Quali sono i primi progetti operativi del tuo programma nel nuovo incarico?
Di massima l’idea è di importare la contemporaneità a Mantova, attraverso arti visive ma non solo, e di cercare di presentare la città a un pubblico internazionale, anche turistico (perché alla delega della cultura si aggiunge quella del turismo) che faccia emergere la città di Mantova, spesso stretta da giganti come Ferrara, Verona o la stessa Milano.
Ci sono molti personaggi del mondo dell’arte che ti hanno preceduto come assessori alla cultura: guardi a qualcuno di loro, se non come esempio, come ispirazione per la tua azione futura?
A nessuno in particolare, ma mi fa ben sperare il fatto che ogni tanto un assessore sia anche esperto in materia, un appassionato, e che non debba difendere posizioni politiche ma umanistiche.
Hai dichiarato che punterai molto a svecchiare la proposta cultura della città.
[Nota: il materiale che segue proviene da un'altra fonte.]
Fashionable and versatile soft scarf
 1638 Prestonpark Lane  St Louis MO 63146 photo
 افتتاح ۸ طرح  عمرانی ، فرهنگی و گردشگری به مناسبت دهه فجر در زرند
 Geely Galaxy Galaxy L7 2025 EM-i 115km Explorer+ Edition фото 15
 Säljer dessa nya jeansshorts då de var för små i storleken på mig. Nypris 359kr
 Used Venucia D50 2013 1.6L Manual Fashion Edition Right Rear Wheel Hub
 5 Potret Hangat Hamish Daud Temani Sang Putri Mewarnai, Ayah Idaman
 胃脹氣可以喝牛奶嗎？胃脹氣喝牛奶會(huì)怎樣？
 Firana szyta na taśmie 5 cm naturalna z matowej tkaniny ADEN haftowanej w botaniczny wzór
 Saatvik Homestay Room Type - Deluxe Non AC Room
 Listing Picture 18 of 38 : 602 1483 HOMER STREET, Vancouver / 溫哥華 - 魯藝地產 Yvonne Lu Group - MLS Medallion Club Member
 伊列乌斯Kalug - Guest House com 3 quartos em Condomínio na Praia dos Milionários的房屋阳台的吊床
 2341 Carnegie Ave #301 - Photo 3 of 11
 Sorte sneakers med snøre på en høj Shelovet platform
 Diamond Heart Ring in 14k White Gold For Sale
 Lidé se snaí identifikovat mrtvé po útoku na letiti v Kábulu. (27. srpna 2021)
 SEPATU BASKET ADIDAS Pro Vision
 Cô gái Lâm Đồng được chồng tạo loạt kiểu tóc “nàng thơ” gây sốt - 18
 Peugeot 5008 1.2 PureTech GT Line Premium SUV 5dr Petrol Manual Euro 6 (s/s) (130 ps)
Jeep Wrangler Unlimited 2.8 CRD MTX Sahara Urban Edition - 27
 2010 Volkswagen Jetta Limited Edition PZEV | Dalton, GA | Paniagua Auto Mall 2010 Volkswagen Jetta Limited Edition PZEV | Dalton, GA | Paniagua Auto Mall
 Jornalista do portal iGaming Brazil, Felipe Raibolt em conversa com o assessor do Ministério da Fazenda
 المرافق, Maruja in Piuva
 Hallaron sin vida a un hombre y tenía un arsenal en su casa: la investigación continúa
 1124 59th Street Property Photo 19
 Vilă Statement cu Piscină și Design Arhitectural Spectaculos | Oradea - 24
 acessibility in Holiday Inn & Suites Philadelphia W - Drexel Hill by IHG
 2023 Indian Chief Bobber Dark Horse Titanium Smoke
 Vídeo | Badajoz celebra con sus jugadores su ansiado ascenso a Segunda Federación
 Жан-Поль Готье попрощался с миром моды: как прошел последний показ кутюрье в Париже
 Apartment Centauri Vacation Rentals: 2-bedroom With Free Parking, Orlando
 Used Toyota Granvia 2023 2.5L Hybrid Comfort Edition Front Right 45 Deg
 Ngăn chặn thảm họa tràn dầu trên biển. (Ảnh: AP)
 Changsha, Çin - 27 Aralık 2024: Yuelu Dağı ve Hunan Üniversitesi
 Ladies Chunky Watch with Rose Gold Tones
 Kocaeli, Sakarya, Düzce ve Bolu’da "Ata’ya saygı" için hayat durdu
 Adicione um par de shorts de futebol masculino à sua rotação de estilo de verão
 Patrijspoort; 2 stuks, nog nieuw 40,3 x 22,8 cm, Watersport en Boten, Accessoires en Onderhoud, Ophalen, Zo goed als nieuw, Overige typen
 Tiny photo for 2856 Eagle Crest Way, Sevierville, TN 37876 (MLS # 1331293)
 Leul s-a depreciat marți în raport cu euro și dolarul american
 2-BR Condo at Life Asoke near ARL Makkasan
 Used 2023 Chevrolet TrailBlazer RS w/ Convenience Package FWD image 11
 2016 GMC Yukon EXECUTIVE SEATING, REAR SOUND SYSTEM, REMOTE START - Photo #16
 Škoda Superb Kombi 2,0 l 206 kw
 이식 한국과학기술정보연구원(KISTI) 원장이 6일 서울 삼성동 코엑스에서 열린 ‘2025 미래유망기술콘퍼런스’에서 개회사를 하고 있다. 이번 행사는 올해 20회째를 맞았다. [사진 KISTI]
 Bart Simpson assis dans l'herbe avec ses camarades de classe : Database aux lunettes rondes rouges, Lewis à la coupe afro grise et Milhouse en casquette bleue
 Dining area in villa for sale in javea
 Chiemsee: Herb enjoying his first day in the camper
Sarai l’assessore dell’arte contemporanea?
L’arte contemporanea è solo una parte del mio programma (anche quella moderna), spero non l’unica. Né “ancilla” né “magistra”, ma un fenomeno che porti venti del presente e dell’attualità, che spesso è meglio o più profondamente rappresentata da filosofia, letteratura e cinema. Quel che è certo è che non voglio fare atterrare il contemporaneo come una navetta di marziani che parlano linguaggi comprensibili a una minoranza, senza tener conto della storia e dell’ambiente circostante.
Mantova, come tutti i comuni grandi, medi e piccoli, ha enormi problemi di budget. Come pensi di ovviare? Come riesci a coinvolgere i privati?
È la prima cosa su cui lavorerò. Mantova e il suo territorio vantano grandi ricchezze industriali e imprenditoriali. Cercherò di coinvolgere i privati con progetti di qualità a cui spero non resistano.